Multiple Choice Questions
The following questions concern analytical procedures in the acquisition and payment cycle. Choose the best response.
a. Which of the following comparisons will be most useful to an auditor in auditing an entity’s income and expense accounts?
(1) Prior year accounts payable to current year accounts payable.
(2) Prior year payroll expense to budgeted current year payroll expense.
(3) Current year revenue to budgeted current year revenue.
(4) Current year warranty expense to current year contingent liabilities.
b. The controller of Excello Manufacturing, Inc., wants to use analytical procedures to identify the possible existence of idle equipment or the possibility that equipment has been disposed of without having been written off. Which of the following ratios will best accomplish this objective?
(1) Depreciation expense/book value of manufacturing equipment.
(2) Accumulated depreciation/book value of manufacturing equipment.
(3) Repairs and maintenance cost/direct labor costs.
(4) Gross manufacturing equipment cost/units produced.
c.
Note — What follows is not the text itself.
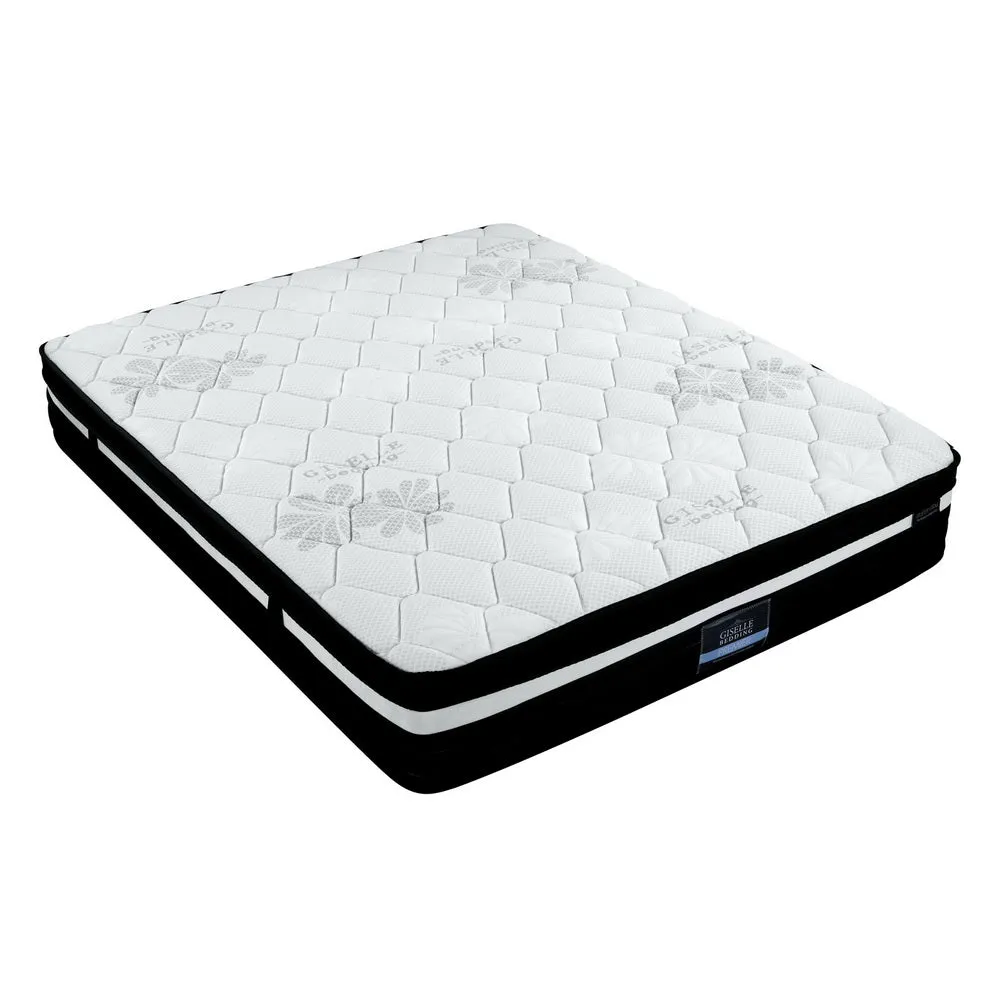 Queen - Euro Top - Pocket Spring Mattress - 28cm Thick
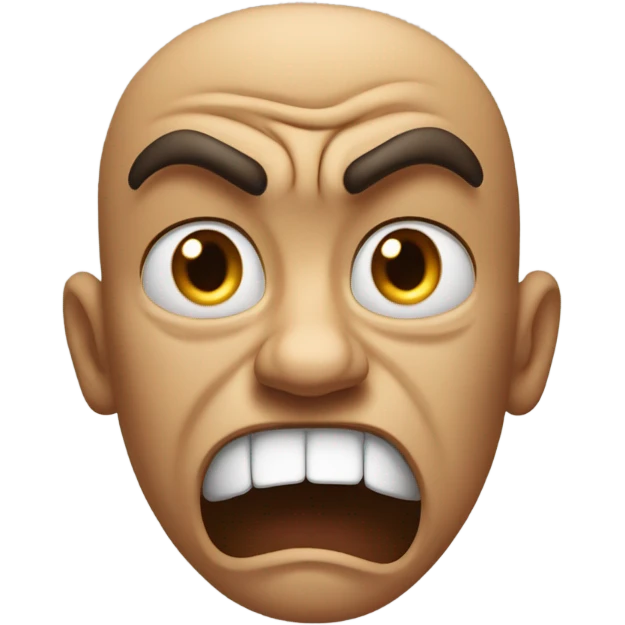 Rage emoji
Which of the following analytical procedures might suggest that certain repairs and maintenance expenses have been inappropriately capitalized?
(1) The ratio of additions to equipment divided by the beginning balance in the equipment account is significantly lower than the same ratio from the prior three years.
(2) The balance in the repairs and maintenance expense account is noticeably lower than amounts recorded in the past several years.
(3) The balance in the gross equipment account has decreased this year compared to the prior year.
(4) The ratio of depreciation expense divided by gross equipment is higher in the current year compared to prior years.